“Everyone wants to live on top of the mountain but all the happiness and growth occurs while you’re climbing it.”
Andy Rooney
The days are long, and the warm sun is nurturing new growth. Growing seasons are full of surprises. Even when we plan ahead, things don’t always turn out as we expected.
My climbing roses decided to hook up with the almond tree this year. They created a wonderful, meandering swoon of soft pink that wove through the tree’s branches and appeared to be floating in air like a magic canopy. I certainly did not design the beauty, but I love witnessing its expression. The spontaneity of its wildness pleases me.
I am not ignoring the birds, butterflies, and lush plant life that is everywhere I look during this particular growing season. My mind is like a camera, hungrily taking snapshots to capture the beauty so I can take it with me.
New adventure ahead!
I am embarking on a journey that I am certain will be ripe with new and unexpected growth. My husband and I are making a big move: saying farewell to California and heading to the serene desert of New Mexico. Ahead lies a completely different landscape with new flora and fauna to discover — and new life experiences.
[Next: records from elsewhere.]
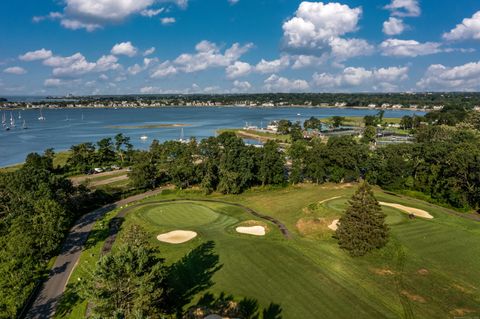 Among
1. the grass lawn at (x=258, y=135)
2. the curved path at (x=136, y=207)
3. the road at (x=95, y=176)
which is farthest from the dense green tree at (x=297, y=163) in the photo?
the grass lawn at (x=258, y=135)

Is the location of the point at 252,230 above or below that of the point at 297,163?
below

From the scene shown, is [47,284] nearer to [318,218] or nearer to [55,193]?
[55,193]

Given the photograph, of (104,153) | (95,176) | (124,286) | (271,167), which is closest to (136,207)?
(271,167)

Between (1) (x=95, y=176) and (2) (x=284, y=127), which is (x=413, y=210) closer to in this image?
(1) (x=95, y=176)

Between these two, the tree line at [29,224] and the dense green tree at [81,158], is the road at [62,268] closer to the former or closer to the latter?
the tree line at [29,224]

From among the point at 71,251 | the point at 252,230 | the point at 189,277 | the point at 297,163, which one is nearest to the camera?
the point at 189,277

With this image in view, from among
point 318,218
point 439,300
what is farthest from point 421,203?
point 439,300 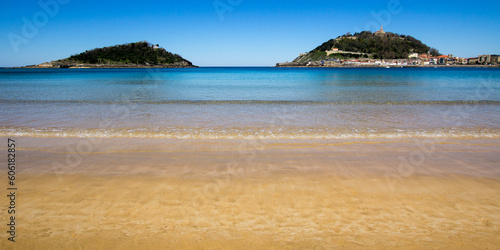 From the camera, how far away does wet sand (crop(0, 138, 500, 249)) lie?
131 inches

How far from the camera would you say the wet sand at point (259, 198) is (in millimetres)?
3320

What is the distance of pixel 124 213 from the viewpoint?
12.6 feet

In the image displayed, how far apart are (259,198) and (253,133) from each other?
4.84 metres

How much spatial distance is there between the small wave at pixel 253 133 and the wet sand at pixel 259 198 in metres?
1.47

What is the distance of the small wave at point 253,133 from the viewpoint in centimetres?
859

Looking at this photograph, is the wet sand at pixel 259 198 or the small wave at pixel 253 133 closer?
the wet sand at pixel 259 198

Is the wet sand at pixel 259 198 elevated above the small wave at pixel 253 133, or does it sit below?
below

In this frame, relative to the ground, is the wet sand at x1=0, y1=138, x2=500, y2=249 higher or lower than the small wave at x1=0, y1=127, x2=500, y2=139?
lower

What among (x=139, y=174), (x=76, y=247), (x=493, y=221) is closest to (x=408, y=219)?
(x=493, y=221)

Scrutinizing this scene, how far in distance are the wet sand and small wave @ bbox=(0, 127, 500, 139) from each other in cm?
147

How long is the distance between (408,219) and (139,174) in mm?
4745

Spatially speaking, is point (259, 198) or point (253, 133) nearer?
point (259, 198)

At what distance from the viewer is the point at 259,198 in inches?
169

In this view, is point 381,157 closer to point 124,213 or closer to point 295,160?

I have been in my current home a very long while. So packing our household has been a growth process in itself! I have held in my hands every single object that has been part of my life, our lives, and had to make a critical decision: does it stay or go? Letting go sounds good until that moment of decision arrives. But I am determined NOT to carry old stuff, burdens, and memories that are no longer needed into my future. And let me tell you, this is hard work. It is getting easier though.

Trusting intuition and spirit
I trust that this new adventure will be liberating. The expansiveness my soul is yearning for is “just down the road and to the left.” That phrase I heard once has always stuck with me. What we are searching for is just down the road and to the left. The left is our intuition and spirit is leading us. Will we follow?
Yes, I am following my heart. While it feels a little like I’m leaping into the vast unknown, somehow I know it is absolutely perfect. Nothing prepares us for a leap of faith. I’m just taking it a step at a time, gently pulled forward by the old mantra, “chop wood, carry water.” It is better to stay in the moment than get too ahead of myself.
There are still so many more things to put in boxes. There are still many “stay or go” decisions to make. I must let go of things, people, and places. I’m setting into memory the wonderful life we’ve enjoyed here and cherishing this moment. And at the same time, I am looking forward to the magical, enchanting moments ahead. The time is ripe now for growth. I feel it. I believe it. I trust it. I’m headed just down the road and to the left.